• _REQUIRED WORK_
What is needed is an exact copy of the entries below, from the line that contains "Lands' End Men's" through the final line, both included, and nothing else.

---

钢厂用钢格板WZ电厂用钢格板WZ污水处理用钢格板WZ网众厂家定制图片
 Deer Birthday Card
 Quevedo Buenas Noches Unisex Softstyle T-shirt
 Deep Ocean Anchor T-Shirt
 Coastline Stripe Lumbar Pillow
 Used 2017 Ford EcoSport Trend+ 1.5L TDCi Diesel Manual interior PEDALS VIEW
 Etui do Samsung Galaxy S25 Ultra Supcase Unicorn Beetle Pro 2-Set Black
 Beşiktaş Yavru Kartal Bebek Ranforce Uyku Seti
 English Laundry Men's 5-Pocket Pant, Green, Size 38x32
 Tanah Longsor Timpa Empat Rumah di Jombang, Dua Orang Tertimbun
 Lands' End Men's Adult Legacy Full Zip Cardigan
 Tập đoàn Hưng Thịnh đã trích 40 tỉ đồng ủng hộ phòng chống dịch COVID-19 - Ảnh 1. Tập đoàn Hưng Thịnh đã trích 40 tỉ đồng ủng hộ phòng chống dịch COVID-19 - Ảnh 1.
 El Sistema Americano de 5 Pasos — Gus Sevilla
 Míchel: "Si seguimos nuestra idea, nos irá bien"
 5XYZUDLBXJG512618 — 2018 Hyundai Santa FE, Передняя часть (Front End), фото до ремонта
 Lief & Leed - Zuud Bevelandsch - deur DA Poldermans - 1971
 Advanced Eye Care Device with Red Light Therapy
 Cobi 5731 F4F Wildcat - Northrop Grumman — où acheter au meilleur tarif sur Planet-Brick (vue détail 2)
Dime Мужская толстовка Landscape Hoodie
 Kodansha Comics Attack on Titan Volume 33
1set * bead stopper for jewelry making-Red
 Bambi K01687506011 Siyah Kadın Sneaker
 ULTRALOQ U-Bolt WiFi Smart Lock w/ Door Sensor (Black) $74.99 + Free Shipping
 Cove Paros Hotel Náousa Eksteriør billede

---

• _ANSWER BELOW_
 Lands' End Men's Adult Legacy Full Zip Cardigan
 Tập đoàn Hưng Thịnh đã trích 40 tỉ đồng ủng hộ phòng chống dịch COVID-19 - Ảnh 1. Tập đoàn Hưng Thịnh đã trích 40 tỉ đồng ủng hộ phòng chống dịch COVID-19 - Ảnh 1.
 El Sistema Americano de 5 Pasos — Gus Sevilla
 Míchel: "Si seguimos nuestra idea, nos irá bien"
 5XYZUDLBXJG512618 — 2018 Hyundai Santa FE, Передняя часть (Front End), фото до ремонта
 Lief & Leed - Zuud Bevelandsch - deur DA Poldermans - 1971
 Advanced Eye Care Device with Red Light Therapy
 Cobi 5731 F4F Wildcat - Northrop Grumman — où acheter au meilleur tarif sur Planet-Brick (vue détail 2)
Dime Мужская толстовка Landscape Hoodie
 Kodansha Comics Attack on Titan Volume 33
1set * bead stopper for jewelry making-Red
 Bambi K01687506011 Siyah Kadın Sneaker
 ULTRALOQ U-Bolt WiFi Smart Lock w/ Door Sensor (Black) $74.99 + Free Shipping
 Cove Paros Hotel Náousa Eksteriør billede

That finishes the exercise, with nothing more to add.